L’ottimo Claudio De Boni dell’Università degli Studi di Firenze inquadra, in una ricerca, la ricerca e l’obiettivo di Zuccolo. “Nel capitolo dedicato alla ragion di Stato” l’autore osserva “che non esiste una ragion di Stato, ma tante quante le forme di Stato esistenti: se tale dottrina si propone di suggerire i mezzi per la conservazione di un determinato potere statale, ‘non verrà altro a dire che un operare conforme all’essenza o forma di quello stato che l’uomo si ha proposto di conservare o di costituire’ (…) È infatti sua intenzione dichiarare che non ogni ragion di Stato va presa automaticamente per buona, perché ‘se buona sarà la forma della republica, giusta sarà la ragione di stato die la risguarda; e, se la forma della republica sarà mala, ingiusta doverà dirsi la ragione di stato’, che a quella è indirizzata”.

La biblioteca di Stato, nel suo archivio, conserva alcune copie degli anni Trenta edite da Zanichelli ma anche un prezioso volume, fatto stampare nel 1987 dal Credito Industriale Sammarinese, che riunisce i tre scrittori, Traiano Boccalini, Matteo Valli e Lodovico Zuccolo appunto.

 

DELLA CITTÀ FELICE

L’autore, nel frontespizio del libro, mette subito in chiaro gli interlocutori del dialogo, che ci piace immaginare all’aria aperta: Gio. Andrea Belluzzi e Vincenzo Moricucci, “Medico” di Mondaino. Ma è al primo personaggio, quel “Belluzzo” che dedica, sin dalle prime battute, parole al miele, definito “personaggio assai commodo de’ beni di fortuna, ma però è meglio fornito di quelli dell’animo, ne’ quali non cede o per vivacità d’ingegno o per nobile eruditione, o per rara prudenza a nissun altro gentiluomo di S. Marino sua patria”.

E al Belluzzi, Zuccolo fa dire che la sua terra “per più di mille anni, senza haver sentite percorre gravi di fortuna austera, si trova ancora libera, e vergine (..) e non paga tributo a nissuno”, né mai “fece homaggio a Potentato maggiore”. E ancora: “La Repubblica, per la buona natura de’ cittadini, viene a preservarsi libera dai moti interni e per la fortezza del sito e dalle insinuazioni esterne”. Dopo aver descritto le caratteristiche della città ideale, lo stesso Belluzzi le cala sul suo Stato. Stato in cui tutti “siamo poveri ma tuttavia commodi la più parte rispetto alla semplicità del viver nostro; dove il poco ne pare assai perché non habbiamo da impiegare il molto; dove si una la cortesia perché la scarsezza del denaro non ha potuto introdurre la tenacità del proprio” né l’ingordigia degli altri.

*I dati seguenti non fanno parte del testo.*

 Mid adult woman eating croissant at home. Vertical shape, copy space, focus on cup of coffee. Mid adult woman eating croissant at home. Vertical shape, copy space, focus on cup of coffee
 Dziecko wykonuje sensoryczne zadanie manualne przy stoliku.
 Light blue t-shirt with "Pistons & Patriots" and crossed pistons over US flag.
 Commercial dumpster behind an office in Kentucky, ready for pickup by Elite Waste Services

A San Marino, e parla ancora il Belluzzi, non vengono “forastieri e corrompere i nostri costumi, non mercanti a introdurre delitie, non banchieri a distruggerci co’ i cambi”. Nella sua esposizione, il sammarinese cita la coltura dei campi “aspri”, ma anche i giovani, abituati alle fatiche e a sfuggire a più poteri. A San Marino “non si dà ricapito a’ banditi, non si ricettano ladri, non si fanno favori ad “alcun Prencipe”. Altro bellissimo paragone, quello tra il Titano e Sparta. Il metro, il terreno di confronto è il mondo dei giovani. “Colà (Sparta, ndr) l’educazione dei giovani era troppo aspra perché facea di mestiere di ritirarli con duro morso dai piaceri, e di trattenerli con violenza in eserciti”. Sul Monte invece “l’asprezza del viso, la strettezza del luogo, la penurie di delitie li rende senza molto sforzo sani e robusti e continenti”.

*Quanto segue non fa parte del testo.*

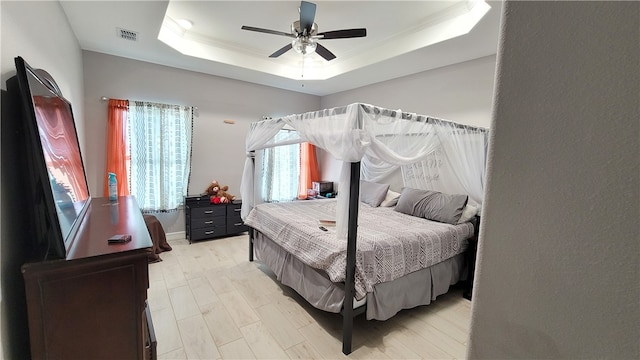 bedroom featuring ceiling fan, multiple windows, and a raised ceiling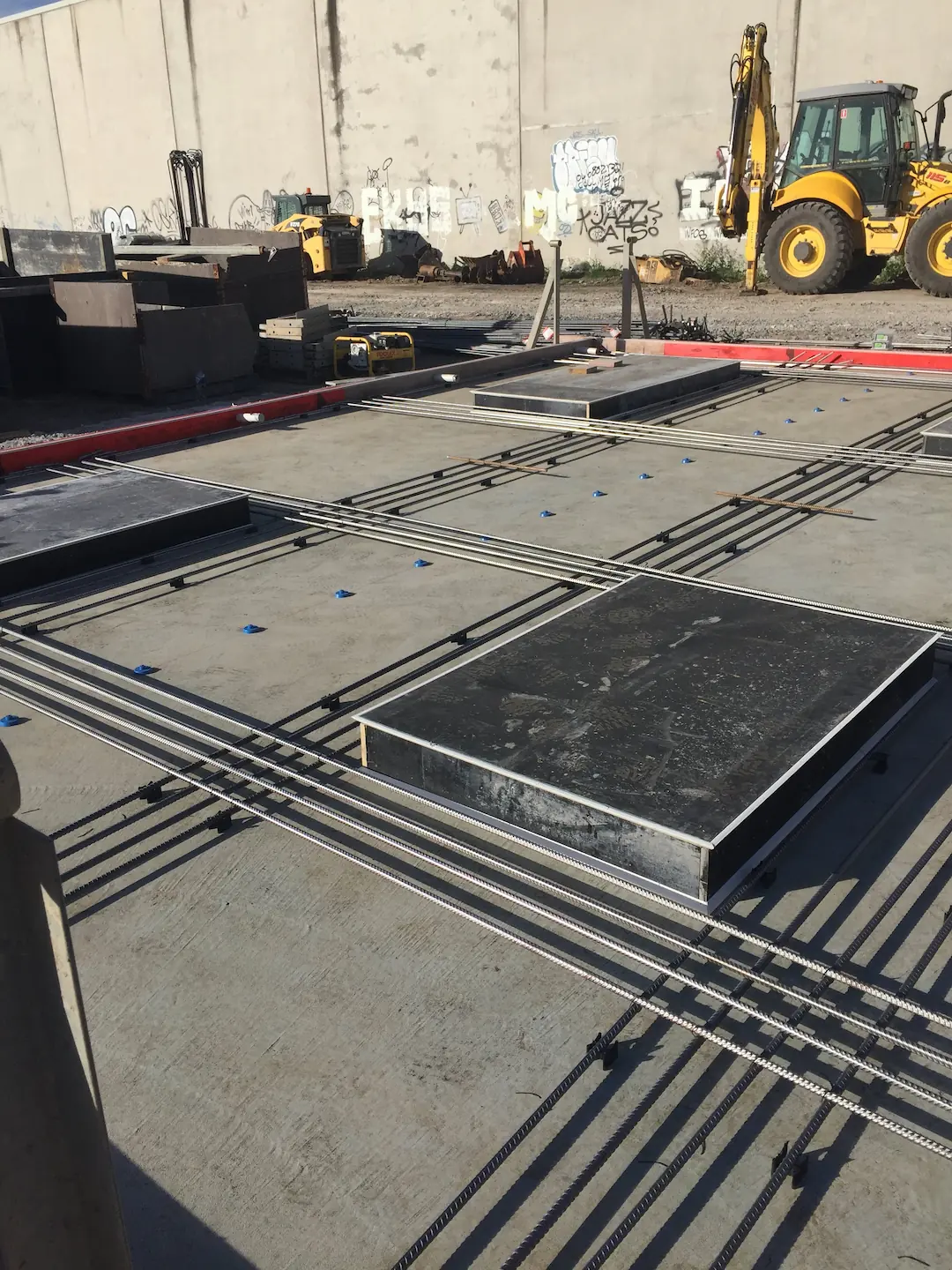 Precast concrete slabs laid out on the ground with rebar frames, ready for installation at the Kirawee construction site.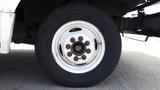 A white wheel of a 2011 Ford Econoline with visible rust on the lug nuts and a black tire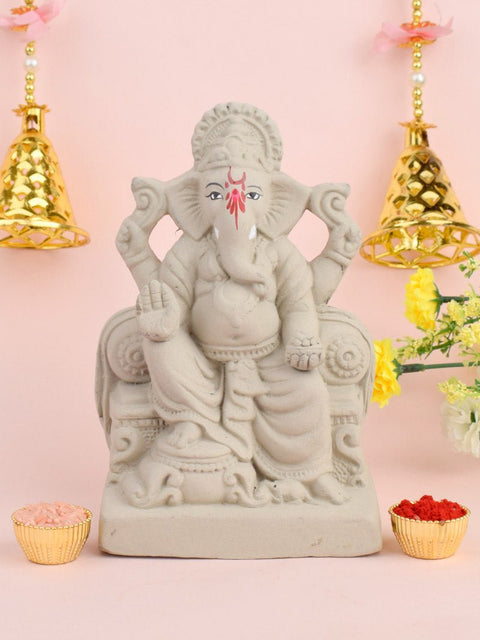 7 Inch Lord Ganesha idol seated majestically on a decorative Shinghasan, crafted in eco-friendly material with intricate detailing. India’s Largest Pooja Accessories Brand – www.satvikworld.com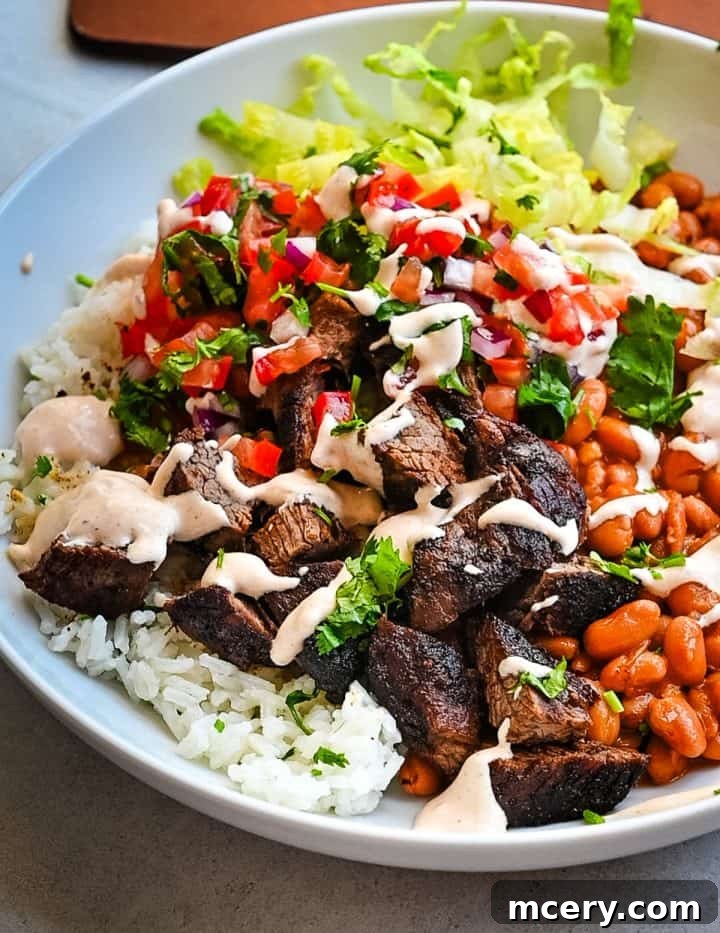 Smoky Chipotle Steak Bowls 3 A close-up shot of the creamy chipotle sauce drizzled over a steak burrito bowl, highlighting its rich texture.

In senso più ampio, “l’uguaglianza e la frugalità di Sparta fu opera di sola prudenza” mentre quella di San Marino può fare affidamento anche “alla natura del luogo”, che tiene “fermi quei provvedimenti di viver sobrio e moderato” che “prudenza ed equità introdusse ” sin “dal principio”.

Per Zuccolo-Belluzzi quindi San Marino è “La città felice” perché possiede un perfetto ordinamento.